=== DATA RECORDS ===

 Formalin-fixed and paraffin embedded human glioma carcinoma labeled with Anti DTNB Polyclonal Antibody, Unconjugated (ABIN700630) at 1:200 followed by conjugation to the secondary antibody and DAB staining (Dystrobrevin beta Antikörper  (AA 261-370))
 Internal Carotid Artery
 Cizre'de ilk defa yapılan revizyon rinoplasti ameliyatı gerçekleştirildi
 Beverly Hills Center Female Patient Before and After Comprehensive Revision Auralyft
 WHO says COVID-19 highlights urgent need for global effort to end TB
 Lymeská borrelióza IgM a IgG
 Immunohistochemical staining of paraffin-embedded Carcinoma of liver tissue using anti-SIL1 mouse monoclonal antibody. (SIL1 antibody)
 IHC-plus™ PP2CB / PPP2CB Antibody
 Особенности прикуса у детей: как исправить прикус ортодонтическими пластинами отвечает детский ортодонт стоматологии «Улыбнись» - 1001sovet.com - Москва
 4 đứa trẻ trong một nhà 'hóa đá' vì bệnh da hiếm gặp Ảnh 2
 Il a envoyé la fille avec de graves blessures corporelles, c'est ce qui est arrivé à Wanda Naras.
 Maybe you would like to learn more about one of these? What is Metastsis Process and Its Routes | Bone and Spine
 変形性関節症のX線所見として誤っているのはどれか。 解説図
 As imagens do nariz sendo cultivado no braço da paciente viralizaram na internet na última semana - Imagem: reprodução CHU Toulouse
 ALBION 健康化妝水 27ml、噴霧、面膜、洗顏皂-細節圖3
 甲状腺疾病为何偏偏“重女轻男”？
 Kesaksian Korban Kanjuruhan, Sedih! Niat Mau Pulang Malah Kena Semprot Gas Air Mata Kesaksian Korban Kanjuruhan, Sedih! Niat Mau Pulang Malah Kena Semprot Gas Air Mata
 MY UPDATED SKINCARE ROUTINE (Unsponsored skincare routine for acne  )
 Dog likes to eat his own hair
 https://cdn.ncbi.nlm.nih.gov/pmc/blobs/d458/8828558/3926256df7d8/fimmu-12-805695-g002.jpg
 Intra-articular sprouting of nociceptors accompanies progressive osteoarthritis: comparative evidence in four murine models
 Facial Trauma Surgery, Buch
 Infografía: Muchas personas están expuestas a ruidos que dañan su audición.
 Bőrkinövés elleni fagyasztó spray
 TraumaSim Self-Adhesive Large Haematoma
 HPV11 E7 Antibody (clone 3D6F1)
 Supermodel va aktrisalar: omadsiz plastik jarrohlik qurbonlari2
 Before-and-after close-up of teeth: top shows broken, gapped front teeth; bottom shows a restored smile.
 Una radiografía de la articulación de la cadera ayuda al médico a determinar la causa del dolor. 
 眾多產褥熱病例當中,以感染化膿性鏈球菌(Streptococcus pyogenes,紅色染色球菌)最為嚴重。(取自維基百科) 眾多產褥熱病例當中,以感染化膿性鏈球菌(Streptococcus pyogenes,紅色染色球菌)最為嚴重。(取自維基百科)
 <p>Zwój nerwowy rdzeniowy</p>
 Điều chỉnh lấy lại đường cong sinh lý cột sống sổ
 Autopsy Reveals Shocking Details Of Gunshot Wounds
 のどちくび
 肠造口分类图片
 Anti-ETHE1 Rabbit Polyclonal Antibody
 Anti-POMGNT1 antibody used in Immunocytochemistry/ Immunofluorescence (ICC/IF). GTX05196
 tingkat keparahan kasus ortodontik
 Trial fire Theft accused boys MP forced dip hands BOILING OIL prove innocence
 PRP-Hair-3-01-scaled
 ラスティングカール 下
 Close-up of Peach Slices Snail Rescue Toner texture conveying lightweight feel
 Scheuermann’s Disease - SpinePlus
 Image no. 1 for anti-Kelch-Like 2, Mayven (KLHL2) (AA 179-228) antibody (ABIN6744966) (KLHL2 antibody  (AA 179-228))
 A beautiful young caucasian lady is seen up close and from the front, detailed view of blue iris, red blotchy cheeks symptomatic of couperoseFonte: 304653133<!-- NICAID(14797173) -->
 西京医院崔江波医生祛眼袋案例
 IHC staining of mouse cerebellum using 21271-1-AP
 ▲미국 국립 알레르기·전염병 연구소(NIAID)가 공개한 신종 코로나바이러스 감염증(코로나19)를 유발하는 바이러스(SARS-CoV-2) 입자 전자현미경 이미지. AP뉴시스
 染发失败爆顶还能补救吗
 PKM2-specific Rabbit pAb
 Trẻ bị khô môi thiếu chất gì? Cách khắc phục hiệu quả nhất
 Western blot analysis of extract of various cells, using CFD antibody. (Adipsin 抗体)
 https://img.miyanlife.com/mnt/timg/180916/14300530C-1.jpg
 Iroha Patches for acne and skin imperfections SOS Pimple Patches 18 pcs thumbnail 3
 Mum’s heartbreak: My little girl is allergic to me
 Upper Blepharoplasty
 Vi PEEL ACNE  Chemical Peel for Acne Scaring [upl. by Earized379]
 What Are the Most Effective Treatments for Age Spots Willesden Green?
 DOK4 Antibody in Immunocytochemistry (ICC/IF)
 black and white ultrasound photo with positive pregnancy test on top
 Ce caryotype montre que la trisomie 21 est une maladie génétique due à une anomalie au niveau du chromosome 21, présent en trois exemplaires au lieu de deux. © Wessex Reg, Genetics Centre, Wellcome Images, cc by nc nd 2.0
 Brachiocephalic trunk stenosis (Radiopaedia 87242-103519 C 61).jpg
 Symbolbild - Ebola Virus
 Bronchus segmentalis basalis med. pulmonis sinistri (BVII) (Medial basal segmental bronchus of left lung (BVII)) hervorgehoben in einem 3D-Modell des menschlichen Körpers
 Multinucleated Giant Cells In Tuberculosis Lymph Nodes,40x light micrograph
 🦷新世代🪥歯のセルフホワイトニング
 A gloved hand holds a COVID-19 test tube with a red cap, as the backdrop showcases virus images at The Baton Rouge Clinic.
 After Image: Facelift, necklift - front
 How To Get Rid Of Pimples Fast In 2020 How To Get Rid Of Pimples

===

** PROMPT **
The data must be duplicated exactly, with nothing left out.

** EXERCISE OUTPUT **
 Formalin-fixed and paraffin embedded human glioma carcinoma labeled with Anti DTNB Polyclonal Antibody, Unconjugated (ABIN700630) at 1:200 followed by conjugation to the secondary antibody and DAB staining (Dystrobrevin beta Antikörper  (AA 261-370))
 Internal Carotid Artery
 Cizre'de ilk defa yapılan revizyon rinoplasti ameliyatı gerçekleştirildi
 Beverly Hills Center Female Patient Before and After Comprehensive Revision Auralyft
 WHO says COVID-19 highlights urgent need for global effort to end TB
 Lymeská borrelióza IgM a IgG
 Immunohistochemical staining of paraffin-embedded Carcinoma of liver tissue using anti-SIL1 mouse monoclonal antibody. (SIL1 antibody)
 IHC-plus™ PP2CB / PPP2CB Antibody
 Особенности прикуса у детей: как исправить прикус ортодонтическими пластинами отвечает детский ортодонт стоматологии «Улыбнись» - 1001sovet.com - Москва
 4 đứa trẻ trong một nhà 'hóa đá' vì bệnh da hiếm gặp Ảnh 2
 Il a envoyé la fille avec de graves blessures corporelles, c'est ce qui est arrivé à Wanda Naras.
 Maybe you would like to learn more about one of these? What is Metastsis Process and Its Routes | Bone and Spine
 変形性関節症のX線所見として誤っているのはどれか。 解説図
 As imagens do nariz sendo cultivado no braço da paciente viralizaram na internet na última semana - Imagem: reprodução CHU Toulouse
 ALBION 健康化妝水 27ml、噴霧、面膜、洗顏皂-細節圖3
 甲状腺疾病为何偏偏“重女轻男”？
 Kesaksian Korban Kanjuruhan, Sedih! Niat Mau Pulang Malah Kena Semprot Gas Air Mata Kesaksian Korban Kanjuruhan, Sedih! Niat Mau Pulang Malah Kena Semprot Gas Air Mata
 MY UPDATED SKINCARE ROUTINE (Unsponsored skincare routine for acne  )
 Dog likes to eat his own hair
 https://cdn.ncbi.nlm.nih.gov/pmc/blobs/d458/8828558/3926256df7d8/fimmu-12-805695-g002.jpg
 Intra-articular sprouting of nociceptors accompanies progressive osteoarthritis: comparative evidence in four murine models
 Facial Trauma Surgery, Buch
 Infografía: Muchas personas están expuestas a ruidos que dañan su audición.
 Bőrkinövés elleni fagyasztó spray
 TraumaSim Self-Adhesive Large Haematoma
 HPV11 E7 Antibody (clone 3D6F1)
 Supermodel va aktrisalar: omadsiz plastik jarrohlik qurbonlari2
 Before-and-after close-up of teeth: top shows broken, gapped front teeth; bottom shows a restored smile.
 Una radiografía de la articulación de la cadera ayuda al médico a determinar la causa del dolor. 
 眾多產褥熱病例當中,以感染化膿性鏈球菌(Streptococcus pyogenes,紅色染色球菌)最為嚴重。(取自維基百科) 眾多產褥熱病例當中,以感染化膿性鏈球菌(Streptococcus pyogenes,紅色染色球菌)最為嚴重。(取自維基百科)
 <p>Zwój nerwowy rdzeniowy</p>
 Điều chỉnh lấy lại đường cong sinh lý cột sống sổ
 Autopsy Reveals Shocking Details Of Gunshot Wounds
 のどちくび
 肠造口分类图片
 Anti-ETHE1 Rabbit Polyclonal Antibody
 Anti-POMGNT1 antibody used in Immunocytochemistry/ Immunofluorescence (ICC/IF). GTX05196
 tingkat keparahan kasus ortodontik
 Trial fire Theft accused boys MP forced dip hands BOILING OIL prove innocence
 PRP-Hair-3-01-scaled
 ラスティングカール 下
 Close-up of Peach Slices Snail Rescue Toner texture conveying lightweight feel
 Scheuermann’s Disease - SpinePlus
 Image no. 1 for anti-Kelch-Like 2, Mayven (KLHL2) (AA 179-228) antibody (ABIN6744966) (KLHL2 antibody  (AA 179-228))
 A beautiful young caucasian lady is seen up close and from the front, detailed view of blue iris, red blotchy cheeks symptomatic of couperoseFonte: 304653133<!-- NICAID(14797173) -->
 西京医院崔江波医生祛眼袋案例
 IHC staining of mouse cerebellum using 21271-1-AP
 ▲미국 국립 알레르기·전염병 연구소(NIAID)가 공개한 신종 코로나바이러스 감염증(코로나19)를 유발하는 바이러스(SARS-CoV-2) 입자 전자현미경 이미지. AP뉴시스
 染发失败爆顶还能补救吗
 PKM2-specific Rabbit pAb
 Trẻ bị khô môi thiếu chất gì? Cách khắc phục hiệu quả nhất
 Western blot analysis of extract of various cells, using CFD antibody. (Adipsin 抗体)
 https://img.miyanlife.com/mnt/timg/180916/14300530C-1.jpg
 Iroha Patches for acne and skin imperfections SOS Pimple Patches 18 pcs thumbnail 3
 Mum’s heartbreak: My little girl is allergic to me
 Upper Blepharoplasty
 Vi PEEL ACNE  Chemical Peel for Acne Scaring [upl. by Earized379]
 What Are the Most Effective Treatments for Age Spots Willesden Green?
 DOK4 Antibody in Immunocytochemistry (ICC/IF)
 black and white ultrasound photo with positive pregnancy test on top
 Ce caryotype montre que la trisomie 21 est une maladie génétique due à une anomalie au niveau du chromosome 21, présent en trois exemplaires au lieu de deux. © Wessex Reg, Genetics Centre, Wellcome Images, cc by nc nd 2.0
 Brachiocephalic trunk stenosis (Radiopaedia 87242-103519 C 61).jpg
 Symbolbild - Ebola Virus
 Bronchus segmentalis basalis med. pulmonis sinistri (BVII) (Medial basal segmental bronchus of left lung (BVII)) hervorgehoben in einem 3D-Modell des menschlichen Körpers
 Multinucleated Giant Cells In Tuberculosis Lymph Nodes,40x light micrograph
 🦷新世代🪥歯のセルフホワイトニング
 A gloved hand holds a COVID-19 test tube with a red cap, as the backdrop showcases virus images at The Baton Rouge Clinic.
 After Image: Facelift, necklift - front
 How To Get Rid Of Pimples Fast In 2020 How To Get Rid Of Pimples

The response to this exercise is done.